→ **WORK TO COMPLETE**
Using the listing below, print exactly everything from the line with "2025 Isuzu D-MAX X-TERRAIN" down to the line with "Lexus LX 570", both included, and nothing more.

→ **LISTED RECORDS**
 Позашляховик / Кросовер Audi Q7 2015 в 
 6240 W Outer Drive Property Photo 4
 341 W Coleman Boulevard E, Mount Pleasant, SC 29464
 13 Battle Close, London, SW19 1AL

---

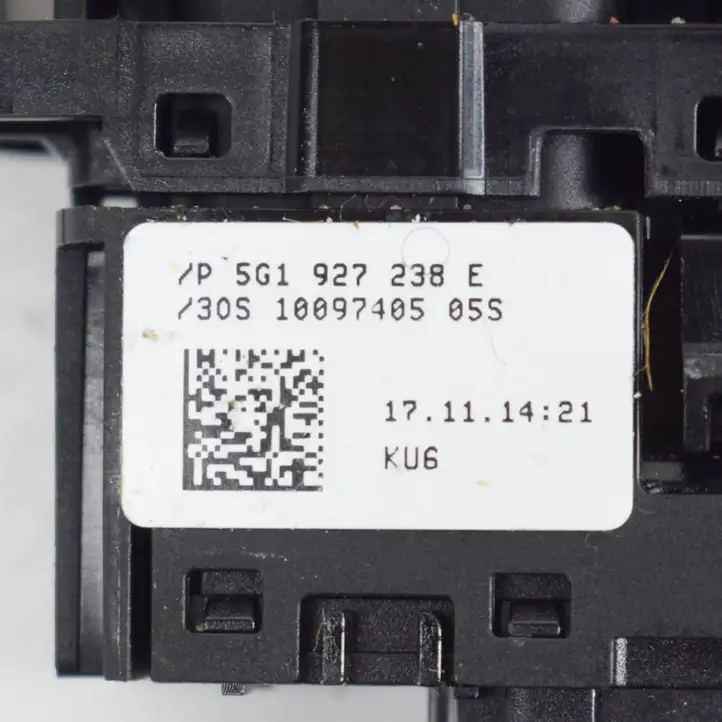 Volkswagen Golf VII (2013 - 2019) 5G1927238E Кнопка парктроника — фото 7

---

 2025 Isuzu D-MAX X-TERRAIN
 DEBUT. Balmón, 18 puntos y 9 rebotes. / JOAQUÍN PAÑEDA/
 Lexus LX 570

→ **RESPONSE TO THIS TASK**
 2025 Isuzu D-MAX X-TERRAIN
 DEBUT. Balmón, 18 puntos y 9 rebotes. / JOAQUÍN PAÑEDA/
 Lexus LX 570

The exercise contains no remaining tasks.